What is required :: From the line with "f6e2c9f3-5033-4509-af71-ae446a0bc648 CAMISACO CUADRILLE" to the final line of the records, reproduce every line exactly and only those lines.
═════ Supplied material ═════
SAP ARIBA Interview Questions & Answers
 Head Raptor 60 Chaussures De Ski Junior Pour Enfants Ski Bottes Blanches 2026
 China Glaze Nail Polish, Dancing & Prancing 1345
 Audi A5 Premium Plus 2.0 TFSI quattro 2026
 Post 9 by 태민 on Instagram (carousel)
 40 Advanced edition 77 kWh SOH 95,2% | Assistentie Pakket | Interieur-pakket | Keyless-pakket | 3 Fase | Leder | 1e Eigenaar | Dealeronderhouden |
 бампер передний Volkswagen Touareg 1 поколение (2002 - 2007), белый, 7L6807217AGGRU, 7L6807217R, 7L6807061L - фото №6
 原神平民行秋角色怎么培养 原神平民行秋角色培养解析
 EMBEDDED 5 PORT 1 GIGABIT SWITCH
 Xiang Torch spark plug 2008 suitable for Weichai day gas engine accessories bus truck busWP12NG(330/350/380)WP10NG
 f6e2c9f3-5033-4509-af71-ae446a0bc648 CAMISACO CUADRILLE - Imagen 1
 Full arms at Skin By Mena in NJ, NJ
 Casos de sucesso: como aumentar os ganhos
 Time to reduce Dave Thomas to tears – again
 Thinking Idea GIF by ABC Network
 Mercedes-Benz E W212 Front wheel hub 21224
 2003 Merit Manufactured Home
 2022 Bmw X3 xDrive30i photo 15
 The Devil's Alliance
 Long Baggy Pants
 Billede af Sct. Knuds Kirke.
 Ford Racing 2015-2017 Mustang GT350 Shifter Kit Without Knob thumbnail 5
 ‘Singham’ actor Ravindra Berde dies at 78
═════
Expected output ::
 f6e2c9f3-5033-4509-af71-ae446a0bc648 CAMISACO CUADRILLE - Imagen 1
 Full arms at Skin By Mena in NJ, NJ
 Casos de sucesso: como aumentar os ganhos
 Time to reduce Dave Thomas to tears – again
 Thinking Idea GIF by ABC Network
 Mercedes-Benz E W212 Front wheel hub 21224
 2003 Merit Manufactured Home
 2022 Bmw X3 xDrive30i photo 15
 The Devil's Alliance
 Long Baggy Pants
 Billede af Sct. Knuds Kirke.
 Ford Racing 2015-2017 Mustang GT350 Shifter Kit Without Knob thumbnail 5
 ‘Singham’ actor Ravindra Berde dies at 78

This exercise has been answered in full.